RALEIGH -- Recent setbacks in the Middle East "peace process" -- both the Syrians and the Palestinians have suspended negotiations, and Lebanon is again ablaze from Israeli air strikes -- give rise to the obvious question: what happened? Wasn't the election of Ehud Barak supposed to lead to a successful resolution of this decades-old conflict?
While negotiations may yet resume soon, and perhaps even some sort of "final status" agreement will be reached, I think it's fair to say that no genuine resolution of the conflict is on the horizon; at least not so long as Israel pursues its current policy, with the uncritical support of our government.
Jeff Halper, coordinator of the Israeli Committee Against Home Demolitions, speaking recently in the Triangle, expressed the fundamental problem this way. He claims that Israel has established over the years a "matrix of control" over Palestinian life. Through its widespread and strategically located settlement system, with its labyrinth of bypass roads connecting settlements to each other and to Israel's major cities, with legal restrictions that choke economic development and construction of adequate housing, and with control over borders and security, Israel has removed any possibility for genuine Palestinian independence and sovereignty. The policy of demolishing homes built without permits -- permits are of course nearly impossible to obtain -- is just one, albeit especially cruel, strand of the matrix of control.
When Barak was elected there was hope that the most oppressive measures, such as home demolitions, would cease, as an expression of good faith to the Palestinians. After a brief pause, however, demolition resumed. Land confiscation continues, as does construction of settlements.
In October of last year, for example, some 25,000 acres surrounding Hebron were declared "closed military areas" by the Israeli army and the inhabitants ordered to leave. By November, Barak had approved the construction of 2,703 units in settlements. The much-publicized removal of extremist settlers from the hilltop settlement of Havat Ma'on masked a far-reaching understanding with Yesha, the settlers' political organization, that granted them approval for widespread settlement expansion.
The fundamental issues that divide the Israelis and the Palestinians in the so-called "final status" talks involve borders, settlements, Jerusalem and refugees. These have been the issues for over 50 years.
In 1948, Israel pursued a policy of expanding its borders, settling quickly on captured Palestinian land, refusing to recognize the rights of refugees to either return or compensation and insisting on sovereignty over Jerusalem in the face of U.N. resolutions according it international status. If we look at Barak's current strategy for the final-status agreement, we see little has changed.
In a recent article in the Israeli daily Ha'aretz, Aluf Benn described Barak's position as follows:
"Barak . . . will demand roughly 50 percent of the territory of the West Bank, including two security regions in the Jordan Valley and Samaria, and a ring around Jerusalem. Settlements adjacent to the Green Line (pre-1967 borders) will comprise a western security zone, whereas an eastern zone will depend upon deployments of the IDF; the army will be allowed to move between these security zones, under terms to be stipulated in the agreement."

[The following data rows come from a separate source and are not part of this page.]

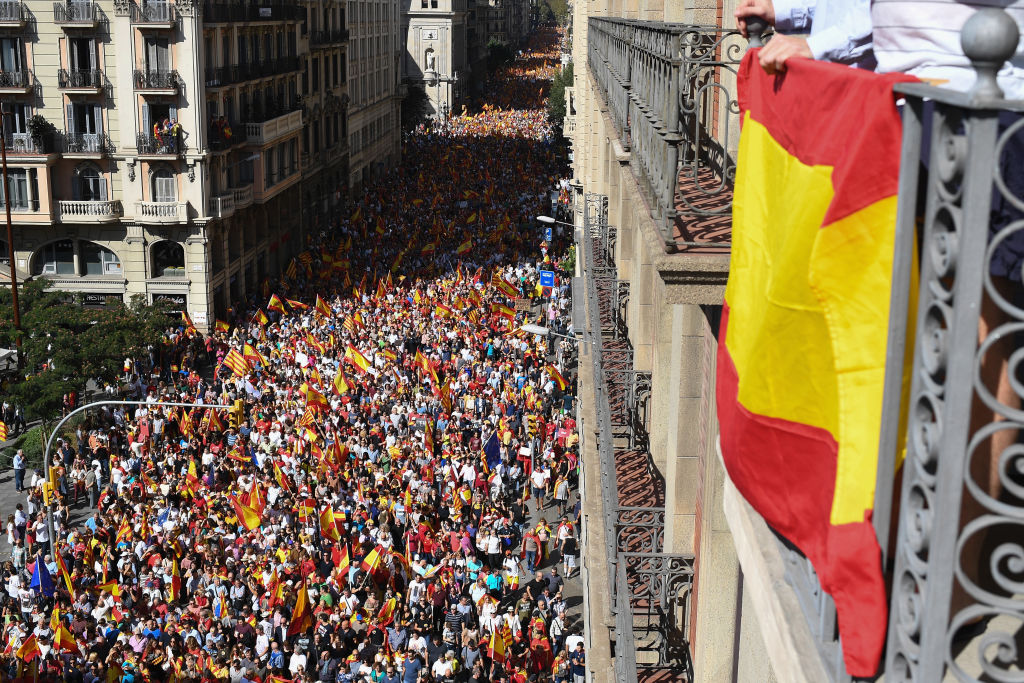 «Ζήτω η Καταλονία! Ζήτω η Ισπανία!» φώναζαν οι διαδηλωτές
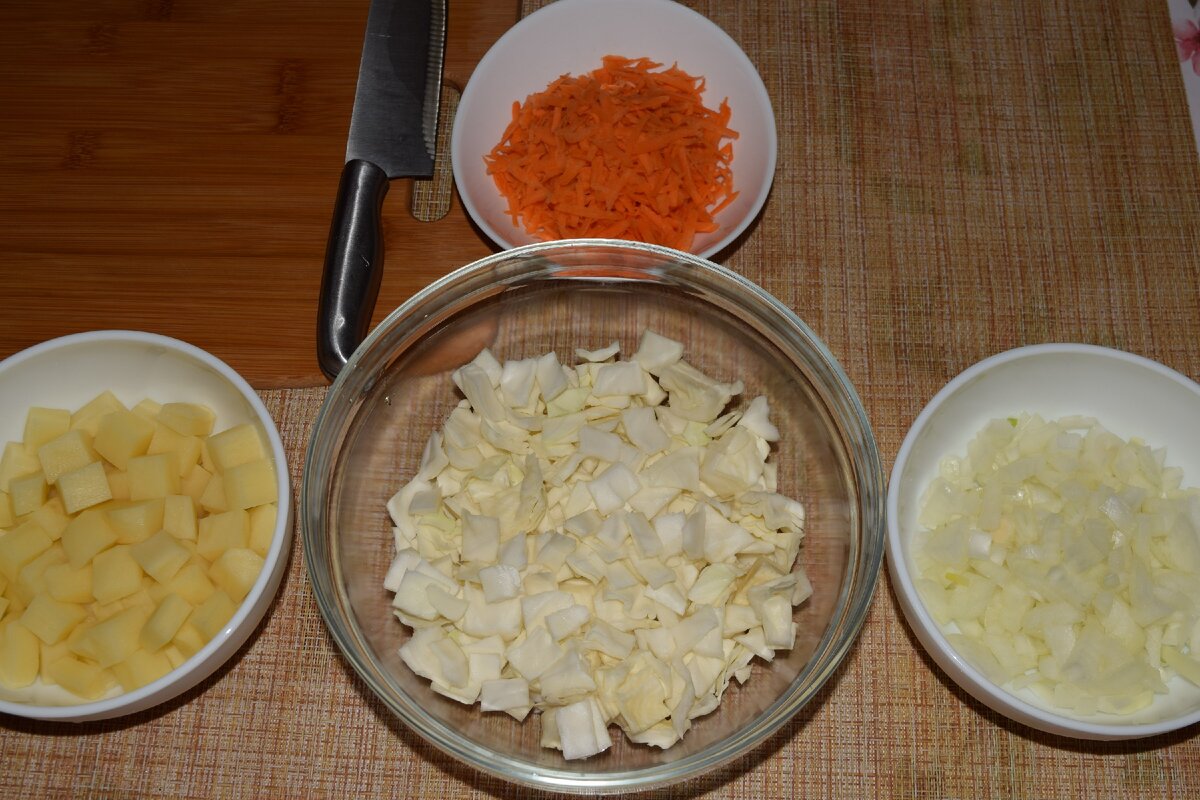 Как приготовить вкусный суп с капустой на курином бульоне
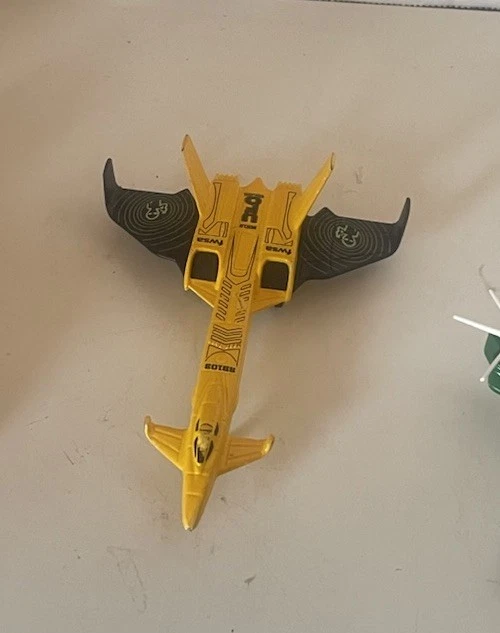 2011 Mattel Matchbox Twin Blast Diecast Jet Airplane Aircraft  - Image 3 of 4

In other words, continuation of the "matrix of control."
The Palestinians, unfortunately, are triply oppressed. They suffer from occupation by Israel, dictatorial control by the Palestinian Authority and virtual abandonment by the world at large. This does not auger well for their chances in the final-status talks. Every time the Palestinian Authority shows some resistance, pressure from the U.S. and Arab allies like Egypt causes the authority to relent. It could happen that way yet again.
However, if Israel is truly to achieve peace and security, it must not use its considerable power, and U.S. support, to impose a settlement on the Palestinians. A just, viable peace would incorporate the spirit of U.N. Resolutions 242 and 338, granting genuine Palestinian sovereignty in the entire West Bank and Gaza (subject to minor, and mutual, border modifications). Jerusalem must clearly be shared in an equitable manner. The settlements cannot remain. Finally, Palestinian refugees must receive recognition of their rights and become a genuine party to the negotiations.

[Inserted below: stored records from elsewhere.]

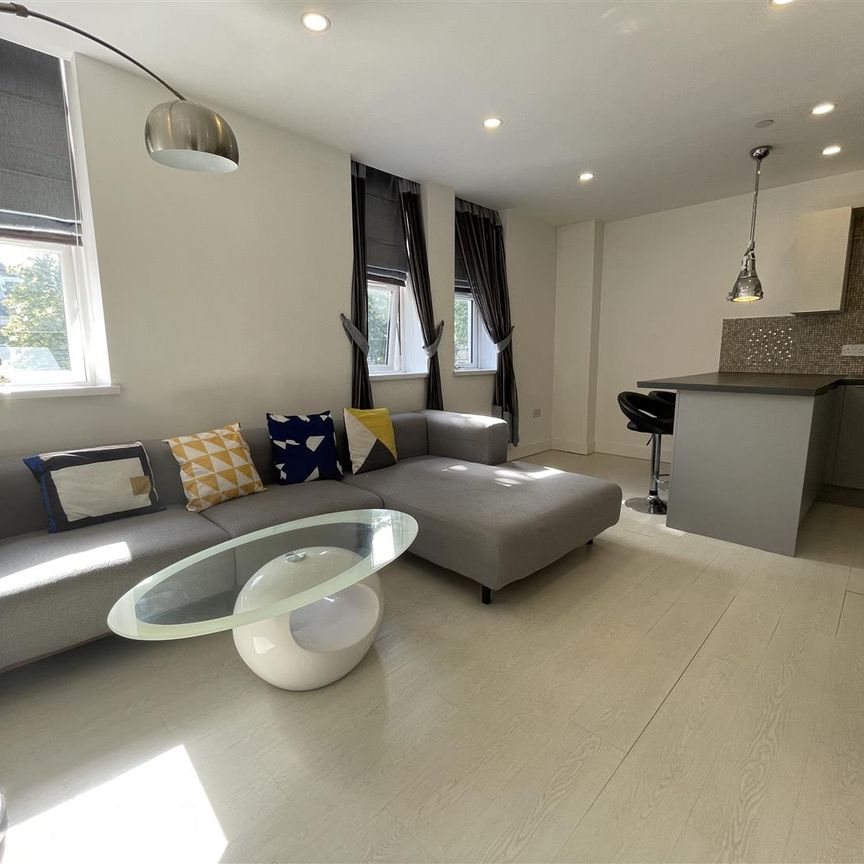 Richmond Parc, Richmond Road, Cardiff - Photo 1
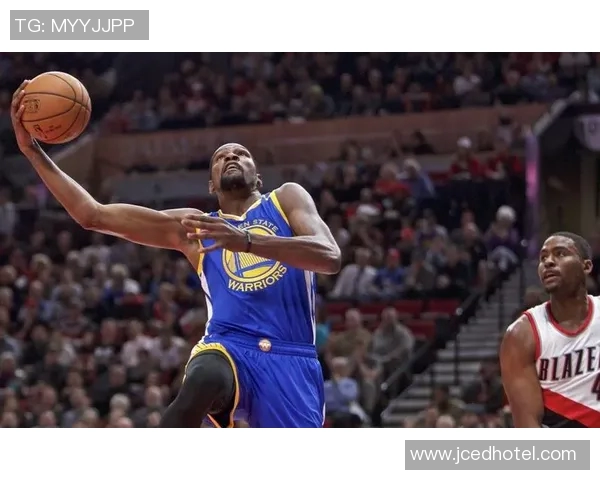 勇士与黄蜂激战正酣视频直播全程回顾精彩瞬间与精彩数据分析 勇士与黄蜂激战正酣视频直播全程回顾精彩瞬间与精彩数据分析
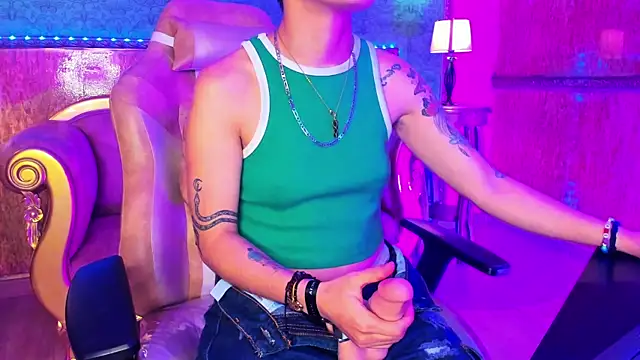 Snapshot of Ale_sweety_ chatting on November 7, 12:16 pm Ale sweety online show from November 7, 12:16 pm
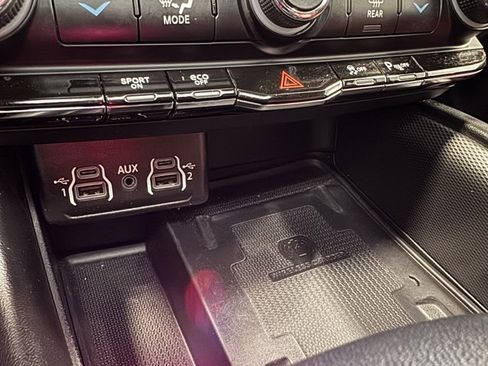 Used 2022 Dodge Durango R/T w/ Trailer Tow Group IV image 22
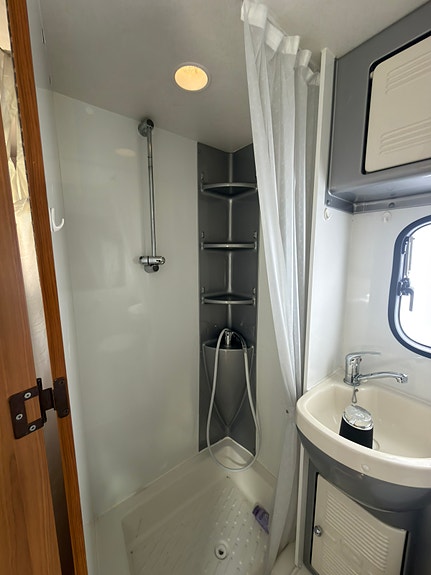 Ford Transit 6 of 9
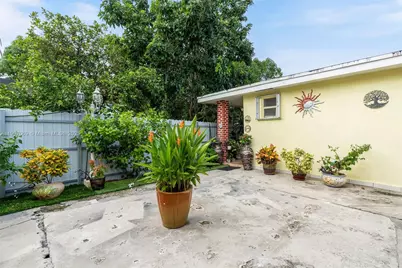 720 NW 19th Ct, Miami, FL 33125 - Photo 29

Only on these terms can a stable and just peace be established.
Is any of this a realistic possibility? The first precondition for realizing this scenario is that the Palestinian Authority be overhauled completely. Only a democratic leadership, genuinely representing its people's interests, can garner the energy to resist the Israeli plan to dictate the terms of peace. The second precondition is a fundamental change in U.S. policy. Our government must finally become the honest broker it claims to be, and not the supplier of diplomatic and military support to oppression.
Joseph Levine is professor of philosophy at N.C. State University.